And she smiled another of those sweet smiles, and looked like a living china doll; and I was getting scared now, I was getting thoroughly spooked.
“When,” I said, croaking the word out through a tight, tight throat, “when’s her birthday, Alice?”
“Oh, we just had her birthday,” she said, “you’ve missed that. Her birthday’s in September. The seventeenth.”
Which didn’t make her six months or eleven either, and oh, I was frightened, and I didn’t want to know.
“What year was that, Alice? Seventeenth of September, which year?”
“Year?” She shook her head vaguely. “I forget, it doesn’t matter, why would it matter?”
I didn’t say anything, for a minute. And then, when I could talk, I said, “Can I see her? Please,” I said. “I’d like to see her. Very much.”
“She’s sleeping.”
“I don’t think so, Alice. I don’t think she is.”
“Well, just for a minute, then. Just from the door. She should be sleeping now. She needs her sleep.”
Alice led me out onto the landing, and made a great show of tiptoeing down to the furthest door, which stood slightly ajar. She pushed it a little wider and slipped inside, vanished into darkness.

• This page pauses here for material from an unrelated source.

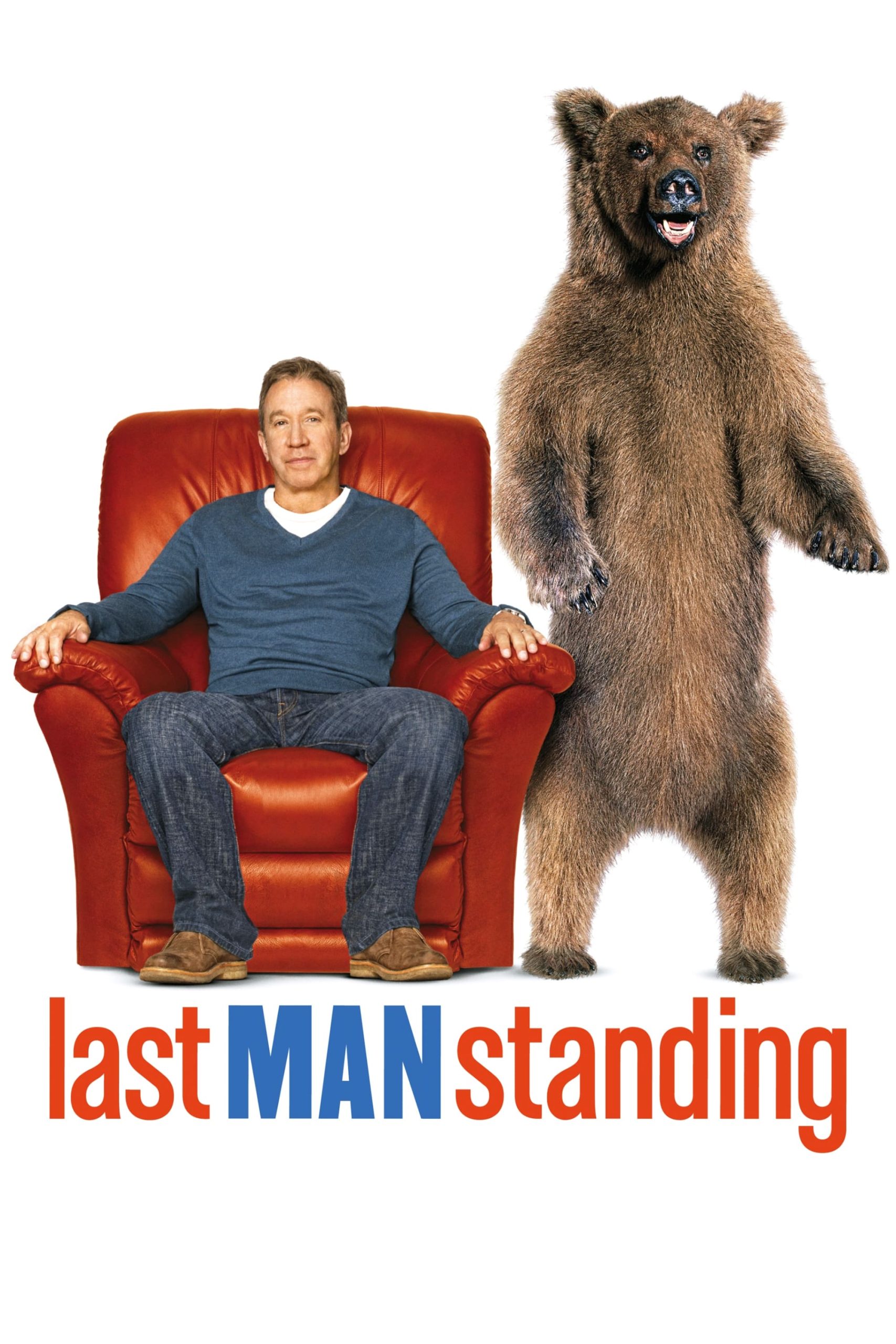 مسلسل Last Man Standing الموسم الثاني مترجم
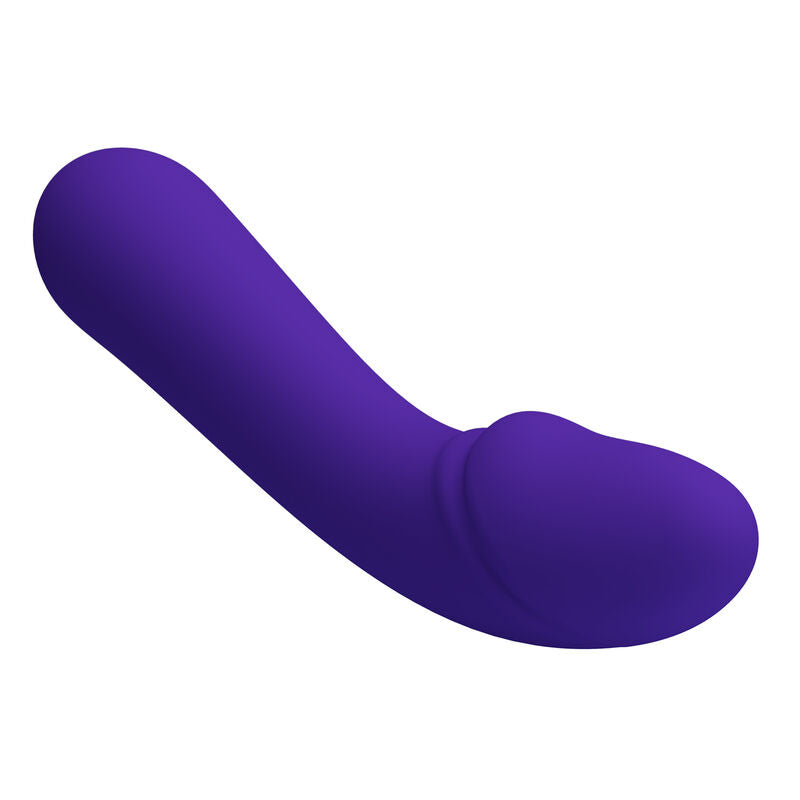 PRETTY LOVE - VIBRATEUR RECHARGEABLE CETUS VIOLET PRETTY LOVE SMART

After a moment she reappeared, and beckoned to me. There was barely room for me to put my head in, with the door only half open and her standing there in the gap; and it was so dark in there, I could really see nothing but shadows. But there was a box-like shadow that resolved itself slowly into a cot, I could make out the bars of it and a bundle behind the bars; and the bundle stirred, I saw that. I saw an arm rise and fall, as though the baby were waving; and relief broke through my body like a wave on shingle. Just paranoia and confusion, then, and nothing to get worked up about. Nothing I had to do except be polite, back out of there, talk about typing.
But the baby went on waving, the one arm going up and down, up and down; and the more my eyes adjusted to the dim light, the stranger it looked. And the room smelled strange, too, it smelled musty and unused, almost, surely, unlived-in; and Alice was standing with her back to me, still blocking my way in, and she was sort of chanting baby-talk under her breath in time with that stiff movement, and she sounded utterly mad.

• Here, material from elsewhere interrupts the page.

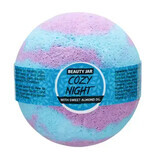 Bath ball with ginger aroma, Cozy night x 150g, Beauty Jar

I pressed the light-switch by my shoulder.
Nothing happened, though, except that Alice’s head jerked round, and, “No light,” she breathed, “you mustn’t. I took the bulb away. Mustn’t let the light in, baby doesn’t like the light, it isn’t good for her . . .”
Even then I could just have walked away, and I wish I had. There’s always a last chance; that was mine, and I blew it.

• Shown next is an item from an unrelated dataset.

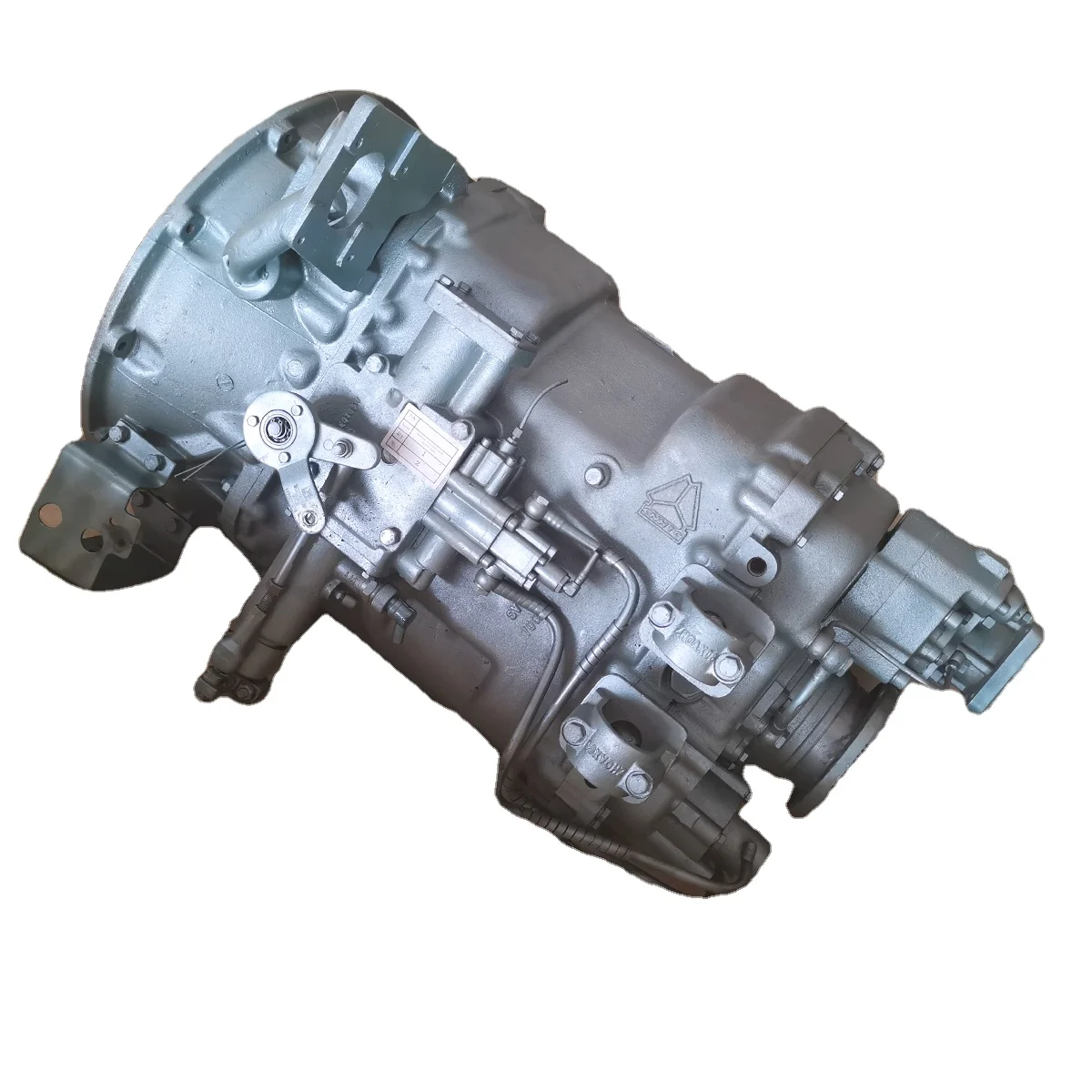 High Quality Second Hand Transmission Gearbox For Howo Truck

It wasn’t curiosity driving me now, nothing like it: closer to panic, perhaps, the certainty of horror lurking somewhere in this story, in this room. Waiting for the light. But panic or not, I still needed to resolve it. I still needed to know.
So I pushed past Alice despite her sudden screeching and her clutching hands, I went to the window and I tried to draw the curtain back.
It didn’t draw, though, because it wasn’t a curtain. It was a blanket, and it was nailed tight across the frame. But I had my own madness now; I stretched up, caught hold of the edge as high as I could reach, dug my fingers in between the nails and yanked hard.
It held for a second, then started to rip. Three good tugs, and the sunlight was flooding into that room where no light had been for far too long.
Now I could see; and now, already, too late already, I wished it all undone.
“The light’s not good for baby,” Alice said, her voice twisting like her face was twisting, “the light makes baby cry, see? See?”
And her finger stabbed down on a cassette player, and the room filled with the sounds of a baby crying. The sounds I’d heard as I arrived here, a few short minutes ago; the same sounds, the same tape that I’d heard five months back. She must have had it on a time switch then, to start it playing while she was in the other room with me.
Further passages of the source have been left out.